DAN CHATTERTON:
ATHEISTIC, COMMUNISTIC, SCORCHER 1820-1895
By Terry Liddle
In
his history of British Anarchism, The Slow Burning Fuse (Paladin,
London, 1978) John Quail wrote of Dan Chatterton that he deserves to be rescued
from oblivion. In a period, the late 19th century, when remarkable people
were common among both secularists and socialists, Chatterton was one of the
most remarkable of all, a one man revolution against church and state.
Chatterton was born in August 1820 into an artisan family of fairly comfortable
means in Clerkenwell in London.
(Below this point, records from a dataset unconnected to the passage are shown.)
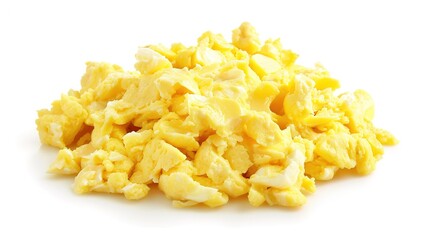 A plate of delicious scrambled eggs presented in an isolated manner on a pure white background. The soft and fluffy texture of the scrambled eggs makes them extremely appealing, and this image is suit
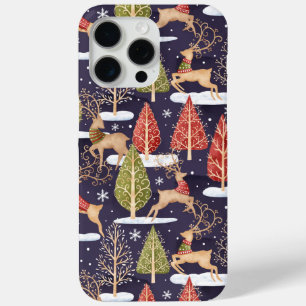 Woodland Whimsical Reindeers Winter iPhone 15 Pro Max Case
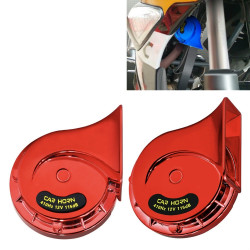 2 PCS / Set 12V Motorcycle Electric Car Modified Mono Horn(Red)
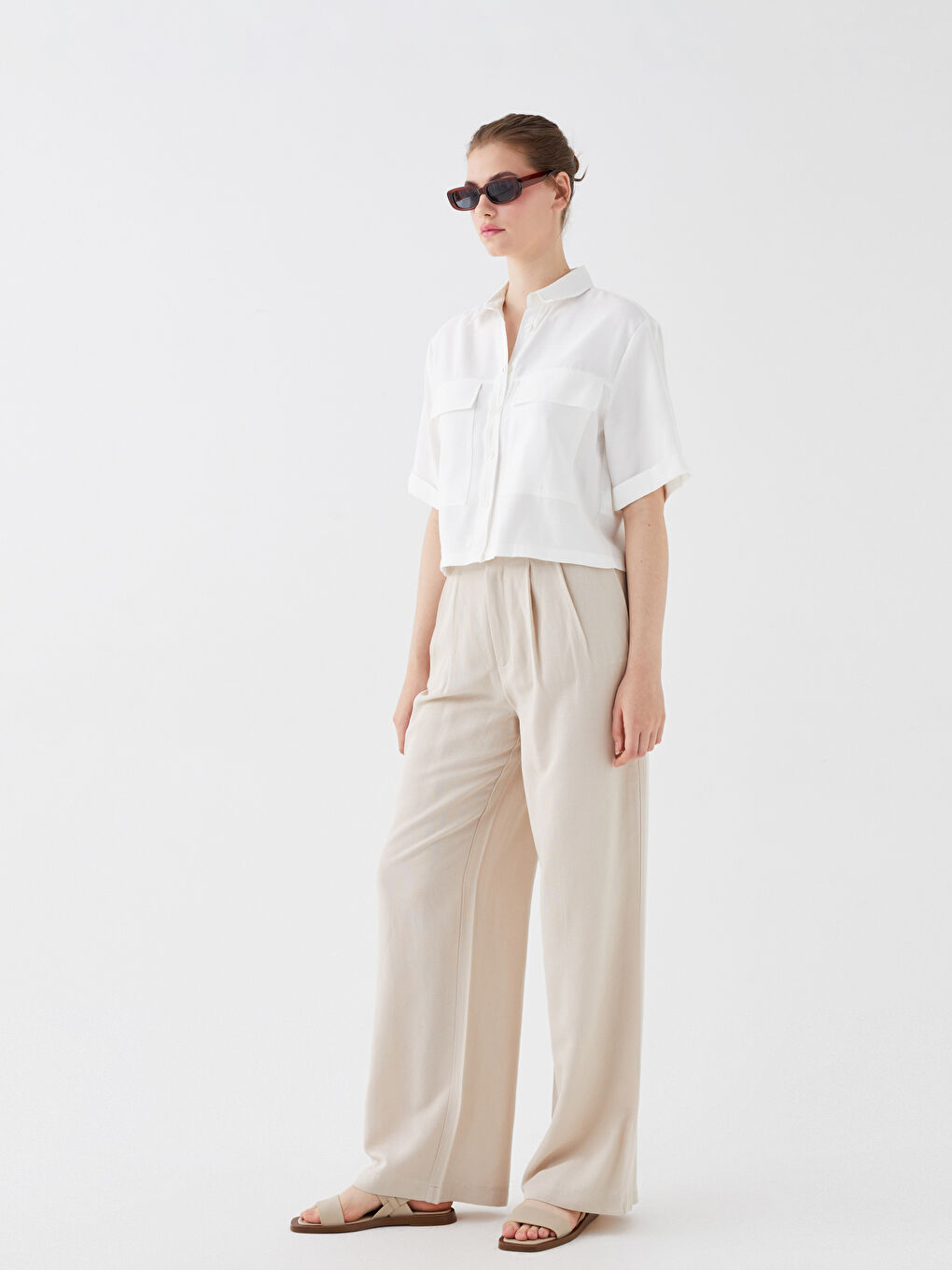 Әйелдерге арналған кең үлгідегі өрнексіз зығыр қоспасы шалбар-4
His mother was a Christian but Chatterton
was early influenced by his father who worked as a furniture laquerer and
who took the young lad to radical and freethought meetings at Richard Carlile's
Rotunda in Blackfriars Road.
From an early age Chatterton suffered ill health and was sent away to be educated
in Aylesbury and later Barnet. His father suffered an accident and changed
his work from japaning to selling coal. Chatterton was apprenticed to a shoemaker
in whose workshop he had his political education. Shoemakers were then in
the vanguard of working class politics. Without success Chatterton tried to
start his own business. By 1871 he was listed as a travelling bookseller and
later as a newsvendor. In later years he made a slim living selling radical
papers and posting bills. He claimed to have been a waiter in a coffee house
and a baker's deliverer and even to have cut up a corpse for a doctor.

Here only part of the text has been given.